Reputation: 6323
I am getting an error when I am trying to use randomForest in R. When I enter
basic3prox <- randomForest(activity ~.,data=train,proximity=TRUE,xtest=valid)
where train is a dataframe of training data and valid is a dataframe of test data, I get the following error
Error in randomForest.default(m, y, ...) :
x and xtest must have same number of columns
But they do have the same number of columns. I used subset() to get them from the same original dataset and when I run dim() i get
dim(train)
[1] 3237 563
dim(valid)
[1] 2630 563
So I am at a loss to figure out what is wrong here.
Upvotes: 3
Views: 4822
Reputation: 1
Maybe it is not a bug. When you use dim()

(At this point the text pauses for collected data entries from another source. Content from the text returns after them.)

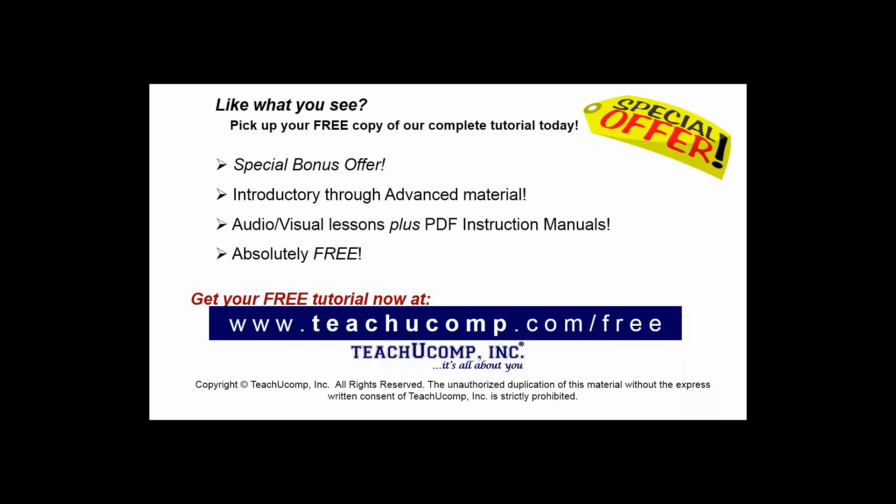Like what you see? Pick up your free copy of the complete tutorial at www.teachyoucomp.com forward slash free.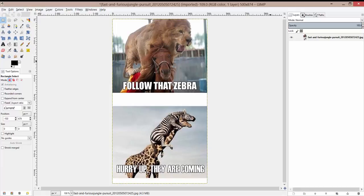Hey guys, welcome to another best GIMP training video. In this video I'm just going to give you some pointers on organizing your files and then I'm also going to show you how to export your files into a usable format.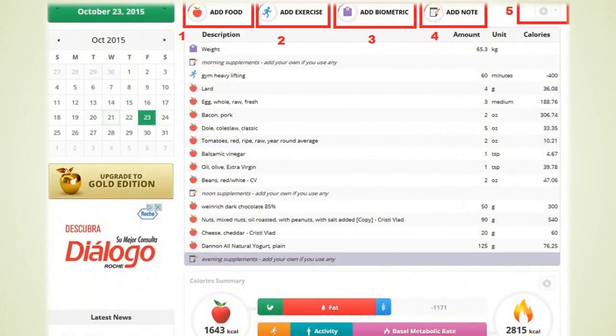In rectangle number 1 which I highlighted in red you have the option to add food. When you click on that you will be given a list of thousands of foods and products that you can add.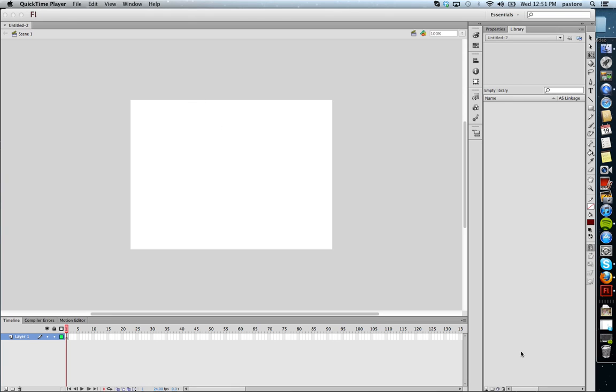The following video is going to show you how to create a mask in Flash CS6. The best way to even explain what a mask is, is simply to show you how to make one and show you what the final product looks like.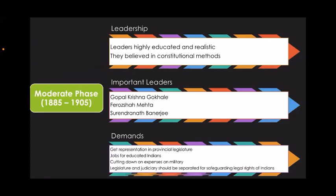The moderate phase of the Indian National Congress was from 1885 to 1905. The leaders were highly educated and realistic. They believed in constitutional methods. Western thinkers' philosophy of liberalism, freedom, equality, and fraternity had an impact on them. The important leaders of this phase were Gopal Krishna Gokhale, Ferozeshah Mehta, and Surendranath Banerjee.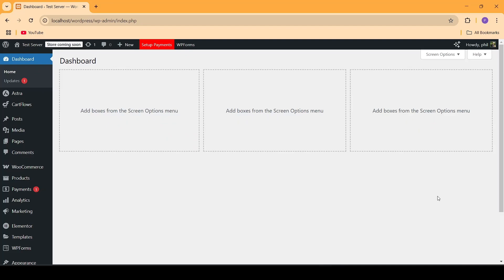Hello everyone, welcome back to my channel. This is Phil from Practical Media 101. In today's video, I am going to be teaching you how to easily speed optimize your WordPress website using the Lightspeed Cache plugin. Lightspeed Cache is one of the most powerful speed optimization plugins available for WordPress for free. In this video, I'm going to be teaching you how to easily set up this plugin and how to use it to correctly and efficiently speed optimize your website.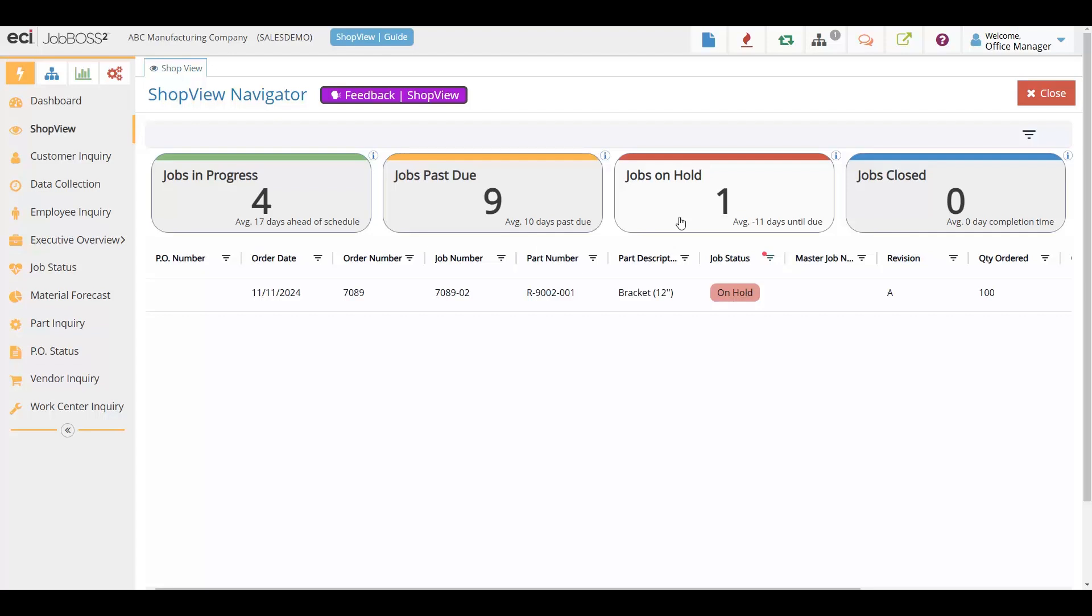The at-a-glance grid of information such as PO number, order number, part number, gives you all the details you need right on one screen.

, you got different number. It means that training data and valid data do have different dims. I have encountered such problem. My solution is as following: First, I use names()

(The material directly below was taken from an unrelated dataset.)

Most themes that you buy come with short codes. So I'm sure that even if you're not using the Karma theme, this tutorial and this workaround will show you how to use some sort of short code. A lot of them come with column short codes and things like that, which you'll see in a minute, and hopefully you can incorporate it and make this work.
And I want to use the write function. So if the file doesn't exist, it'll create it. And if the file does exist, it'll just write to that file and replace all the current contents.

show the variables in the training data and in valid data. I see they do have different variables; Second, I use setdiff()
to "subtract" the surplus variables (if the training data has more variables than the valid data, then subtract the surplus variables in training data,vice versa.) After that, training data and valid data have the same variables. You can use randomForest.
Upvotes: 0
Reputation: 18628
No they don't; train
has 562 predictor columns and 1 decision column, so valid
must have 562 columns (and corresponding decision must be passed to ytest
argument).
So the invocation should look like:
randomForest(activity~.,data=train,proximity=TRUE,
xtest=valid[,names(valid)!='activity'],ytest=valid[,'activity'])
However, this is a dirty hack which will fail for more complex formulae and thus it shouldn't be used (even the authors tried to prohibit it, as Joran pointed out in comments). The correct, easier and faster way is to use separate objects for predictors and decisions instead of formulae, like this:
randomForest(trainPredictors,trainActivity,proximity=TRUE,
xtest=testPredictors,ytest=testActivity)
Upvotes: 4